Dealers said they were unnerved by overnight rumours, later denied, of a special emergency meeting by the New York Federal Reserve which had dampened sentiment towards the dollar.
The dollar also came under pressure after Eiko Shinotsuka, a member of the Bank of Japan's Policy Board, said on Friday the time was ripe to end the central bank's year-old zero interest rate policy.
But the greenback was supported by bids by Japanese investors seeking to reduce hedge ratios against their dollar assets, dealers said.
The dollar stood at 107.63/66 yen against 107.56 yen in late US trading on Thursday.
The euro stood at $0.9891/95 against $0.9900 in late US trading. The talk of losses at hedge funds and financial institutions due to a sharp decline in US 30-year bond yield was deflecting attention from US jobs data for January, due for release, dealers said.
US economists in a Reuters poll forecast, on average, a decline in nonfarm payrolls to 255,000 in January from 315,000 in December.
They also forecast the jobless rate, already at a 30-year low of 4.1 percent, would show a further decline to 4.0 percent.
"All these odd movements of US Treasury prices across the yield curve over the past few weeks cannot be explained by fundamentals at all," said a hedge fund manager.
"Huge losses incurred on arbitrage deals by one or more hedge funds and investment banks must be involved," he said.
But traders said it was difficult to discern exactly how the foreign exchange market would be affected.
"The dollar's decline overnight in the wake of rumours about hedge funds in trouble has been a bit puzzling, because earlier in the week, hedge funds suffering losses were said to be buying dollars to repatriate their profits," said a city bank dealer.
An analyst for a major Japanese brokerage said dollar buying for fund repatriation was likely to continue, but added that recent renewed buying of Japanese stocks by foreign investors could offset some of the impact on the yen.
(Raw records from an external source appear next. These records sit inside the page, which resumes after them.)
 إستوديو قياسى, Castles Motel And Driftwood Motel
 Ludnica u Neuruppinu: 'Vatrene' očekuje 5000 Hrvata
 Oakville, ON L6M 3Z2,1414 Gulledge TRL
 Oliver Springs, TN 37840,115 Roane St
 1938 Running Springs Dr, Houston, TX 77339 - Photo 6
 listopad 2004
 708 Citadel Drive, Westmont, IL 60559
Dealers said the dollar's fall probably had more to do with a continuation of profit-taking after its rise to five-months highs above 109 yen on Wednesday, as well as a rebound in the euro.
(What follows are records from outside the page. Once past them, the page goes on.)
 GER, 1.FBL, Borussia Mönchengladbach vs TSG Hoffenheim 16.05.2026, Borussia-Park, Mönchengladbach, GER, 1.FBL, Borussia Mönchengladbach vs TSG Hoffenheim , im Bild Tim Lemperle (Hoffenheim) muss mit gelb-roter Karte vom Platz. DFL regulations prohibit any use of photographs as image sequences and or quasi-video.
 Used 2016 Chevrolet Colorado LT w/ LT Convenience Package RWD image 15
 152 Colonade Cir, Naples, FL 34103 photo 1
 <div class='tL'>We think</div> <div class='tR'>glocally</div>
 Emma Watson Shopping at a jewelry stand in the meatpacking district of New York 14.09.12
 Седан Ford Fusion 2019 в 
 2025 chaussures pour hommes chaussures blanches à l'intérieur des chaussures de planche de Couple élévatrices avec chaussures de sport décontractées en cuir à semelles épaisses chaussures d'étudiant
"I wouldn't recommend taking positions based on rumours of troubled institutions or hedge funds, because it's hard to tell what positions they need to liquidate, if any," said JP Morgan's Kawanabe.
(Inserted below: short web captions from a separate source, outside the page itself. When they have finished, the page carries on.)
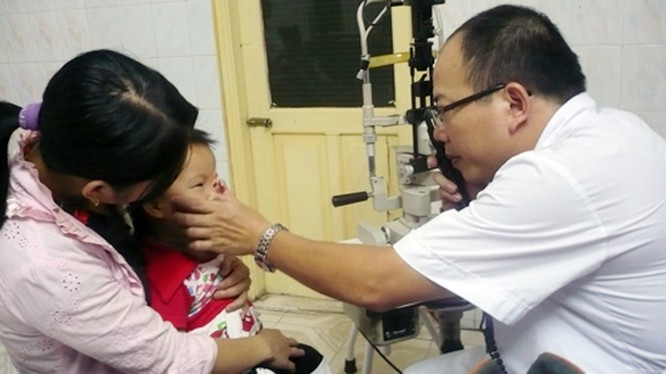 Hậu quả đáng sợ khi tự ý sử dụng thuốc Tobradex ảnh 2 Hậu quả đáng sợ khi tự ý sử dụng thuốc Tobradex - ảnh 2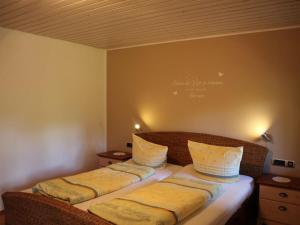 Giường trong phòng chung tại Willmannshof holiday apartment Barn Nest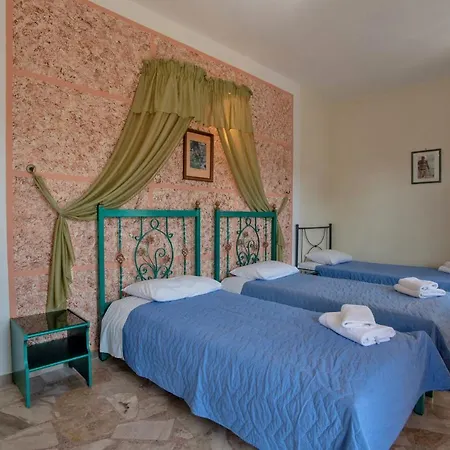 Aparthotel Kleoni Club Tolo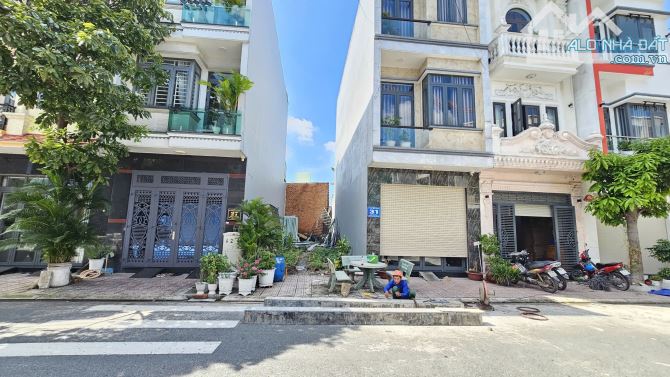 Bán đất 4.2x15.5m, đường N KDC Lê Phong 2 p.Tân Đông Hiệp gần Vincom 550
The euro was boosted overnight by a credit-tightening by the European Central Bank, which surprised a majority of dealers, as well as news that Vodafone AirTouch Plc had succeeded in its 180 billion euro bid for German telecommunications group Mannesmann AG. "Credit-tightenings in the euro zone and Switzerland have spurred some speculation that European monetary authorities may take further measures to defend their currencies and spurred profit-taking in the dollar," said Kazuteru Hasegawa, head of foreign exchange at Bank of America in Tokyo.
As result, the greenback has retreated against the yen as well, he said.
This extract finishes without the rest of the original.